The listing must be copied out in full and exactly; no images go with it.

§

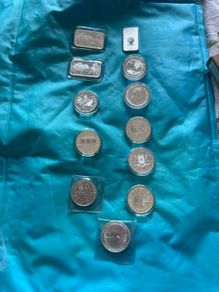 12 Silver 1oz bars and Coins 80 each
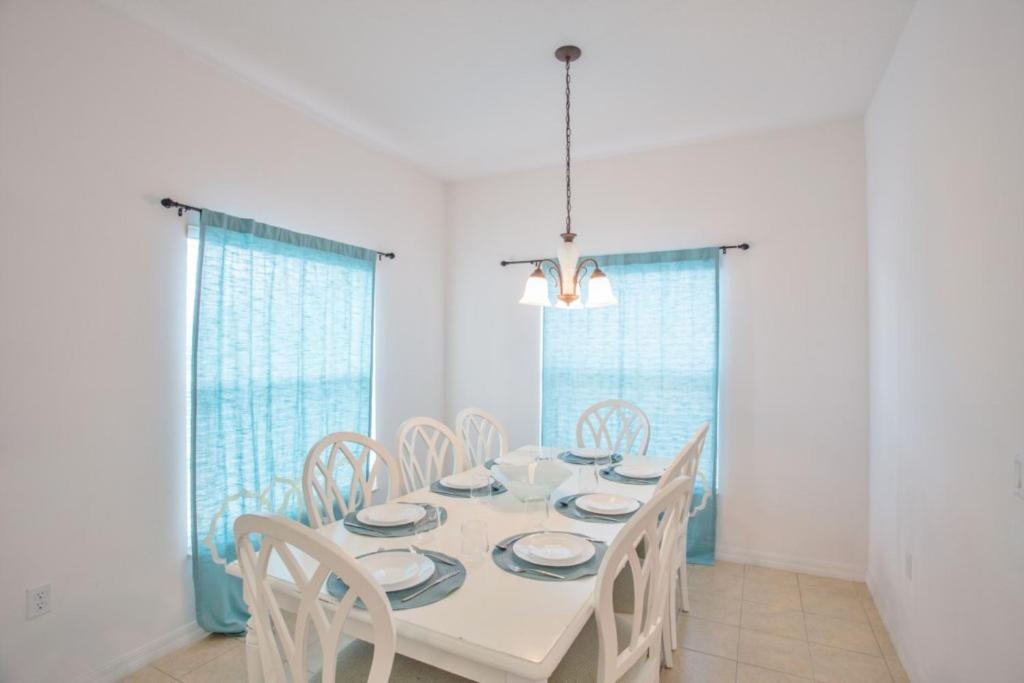 Highgate at Legacy Park - 4 Bed 3 Baths VILLA view 5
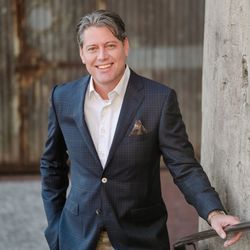 Peter Nelsen - Nelsen Real Estate - Meet Peter Nelsen, founder of Nelsen Real Estate. Your trusted expert for luxury and off-market homes in Savannah. 20+ years of experience.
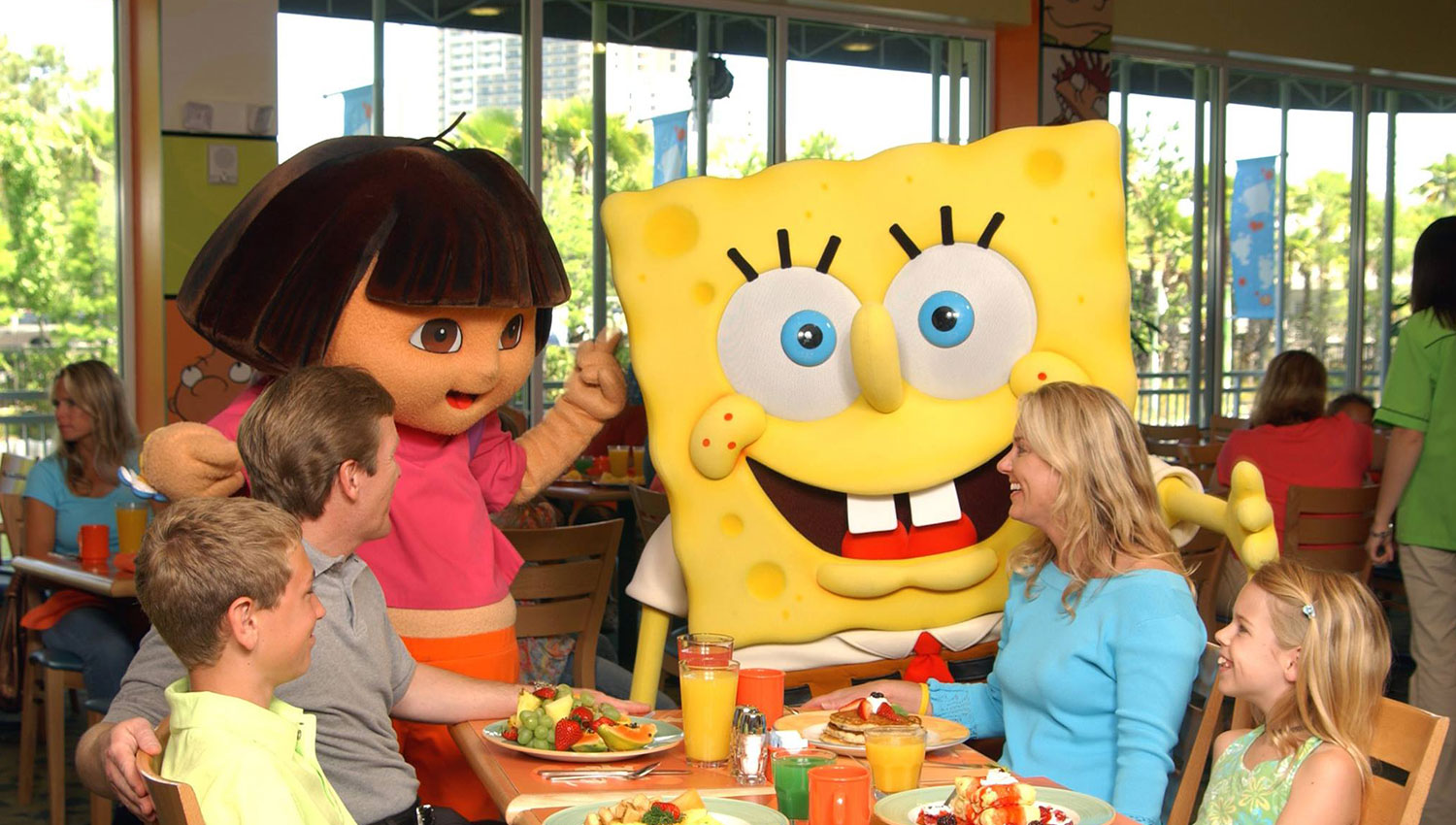 meet disney charaters while eating food with the family at a theme park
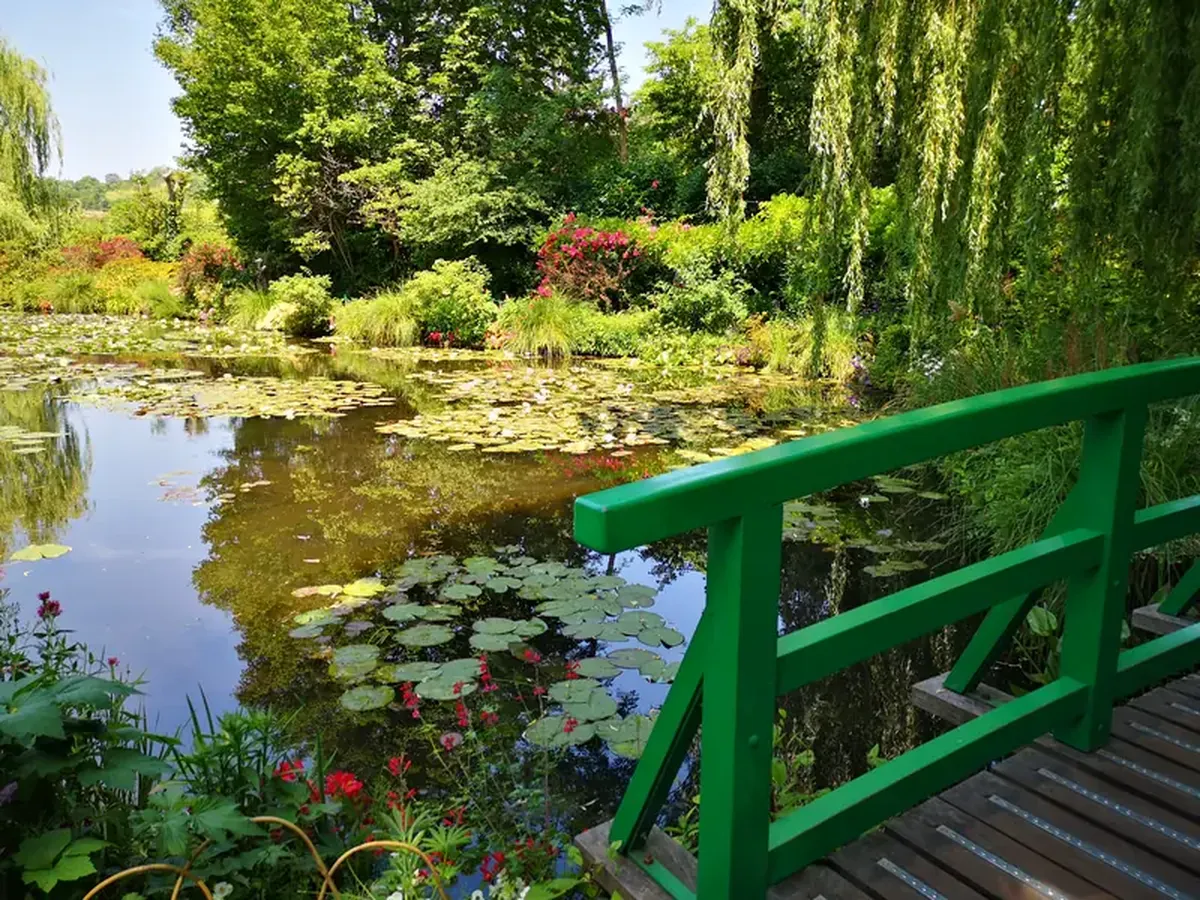 How Claude Monet Went From Caricaturist to the Man Who Painted 250 Water Lilies 6 Claude Monet: From Cartoonist to...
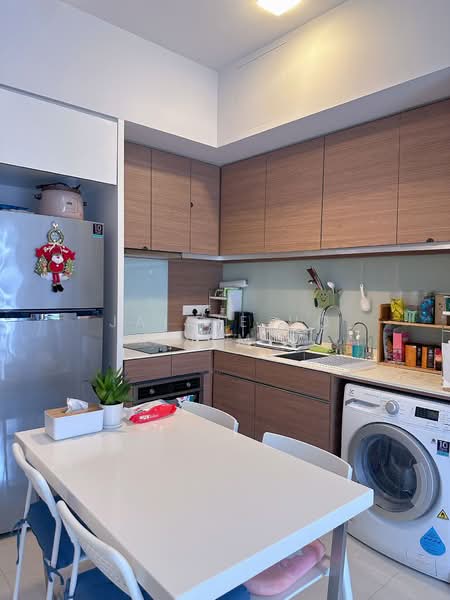 Coco Palms, 33 Pasir Ris Grove, 2 Bedrooms, 753 sqft, Condominium For Rent, by Jaimie Ho Kit Mie, 24737012 - PropertyGuru.com.sg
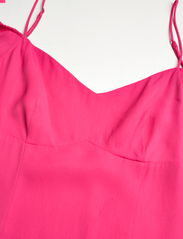 Calvin Klein Jeans - OFF SHOULDER MINI DRESS - festkläder till outletpriser - pink flash - 5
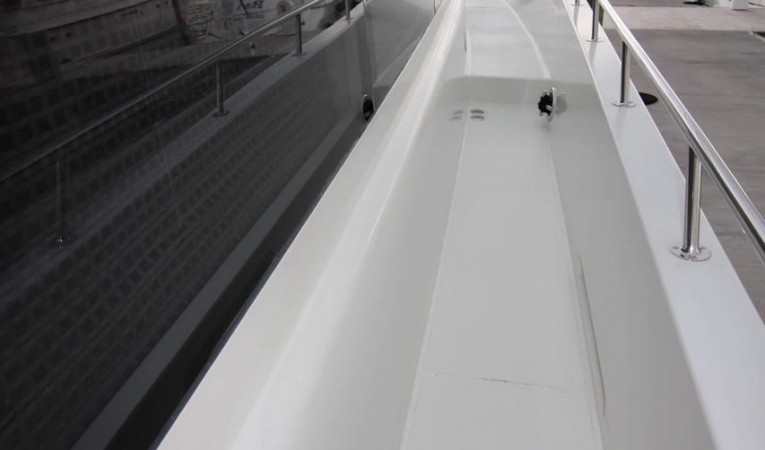 103 Westport Starboard Side Deck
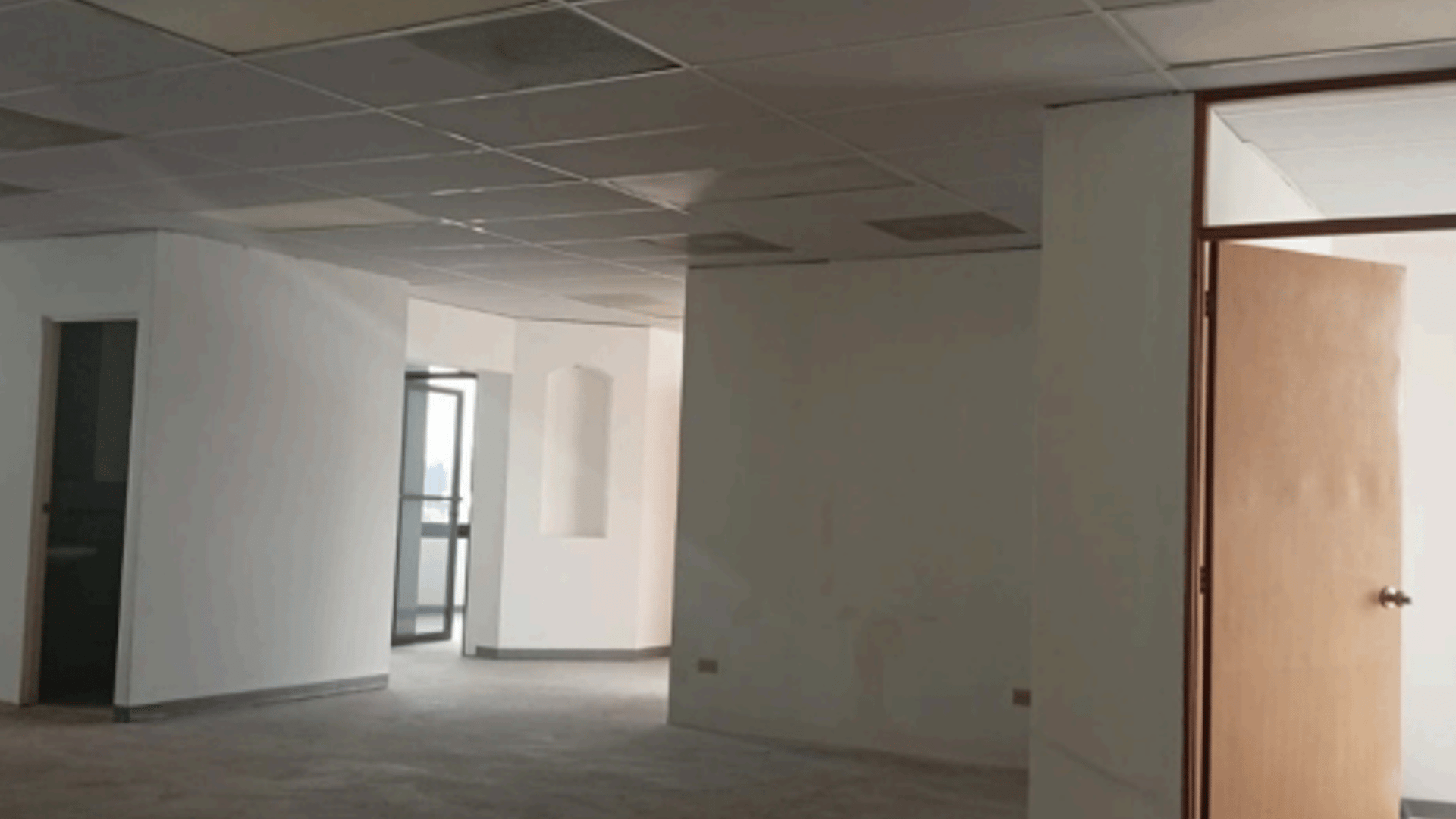 ALQUILER DE OFICINA TABICADA 185MT2 - MURANO CENTER, ZONA 10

§

## Exercise answer
 12 Silver 1oz bars and Coins 80 each
 Highgate at Legacy Park - 4 Bed 3 Baths VILLA view 5
 Peter Nelsen - Nelsen Real Estate - Meet Peter Nelsen, founder of Nelsen Real Estate. Your trusted expert for luxury and off-market homes in Savannah. 20+ years of experience.
 meet disney charaters while eating food with the family at a theme park
 How Claude Monet Went From Caricaturist to the Man Who Painted 250 Water Lilies 6 Claude Monet: From Cartoonist to...
 Coco Palms, 33 Pasir Ris Grove, 2 Bedrooms, 753 sqft, Condominium For Rent, by Jaimie Ho Kit Mie, 24737012 - PropertyGuru.com.sg
 Calvin Klein Jeans - OFF SHOULDER MINI DRESS - festkläder till outletpriser - pink flash - 5
 103 Westport Starboard Side Deck
 ALQUILER DE OFICINA TABICADA 185MT2 - MURANO CENTER, ZONA 10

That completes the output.